He did say she was going to ”A” position, not a tower. Humping just the receiver isn’t too hard, even for a smallish female.

To quote Mythbusters; ”Plausible”

ponsdorf

I just don’t remember the weight and a search didn’t help much. Still I DO understand your reservations concerning the quote.

Well, perhaps excepting the a 50-caliber machine-gun, a very heavy and effective weapon. part?

Jonn Lilyea

An M2 weighs 84 pounds w/o the tripod and T&E. And if a perimeter postion was already established, an M2 would already be in that position along with the range card.

The whole tone of the article seems false starting right at the beginning when Colonel Tom says he was drafted into the Marine Corps at the end of the Vietnam War. I know some Marines had been drafted (more accurately, they volunteered for the Marines when they were drafted into the Army) but how many draftees went on to become officers? This guy just smells like a liar.

Sporkmaster

Could it be confused with a 240B? It is heavy enough to be a used for perimeter defense and light enough to carry by on person.

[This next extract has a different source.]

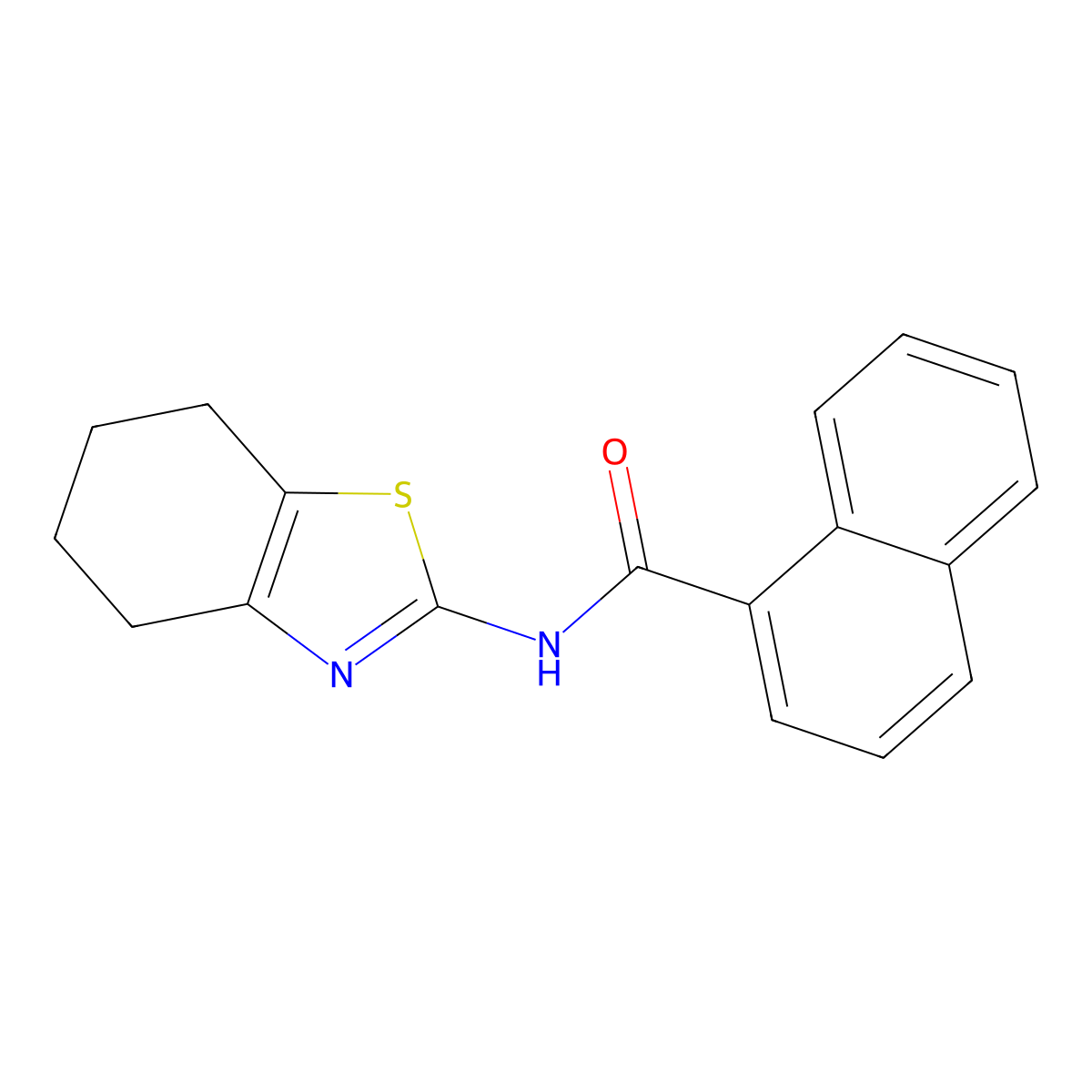 N-(4,5,6,7-tetrahydro-1,3-benzothiazol-2-yl)naphthalene-1-carboxamide molecular structure, CAS 321555-50-4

Because we moved out .50 Cal with the Barrel and everything else. We used them on MRAPS so the mount was already there. But we had more 240B then .50 cals. Also I saw more 240B being used then .50s.

Anonymous

Well, the last man was drafted in 1972… if he did his 3 years, went to college, and came back in ’78, that’d make him have 30 years TIS as a light colonel. Is that possible in the Marines?

Alternatively, he could’ve re-upped and went to OCS, but still unlikely. I recall seeing on a Vietnam War statistics site that only a few thousand were drafted into the Corps during the entire length of the war. On this, Mythbusters says plausible.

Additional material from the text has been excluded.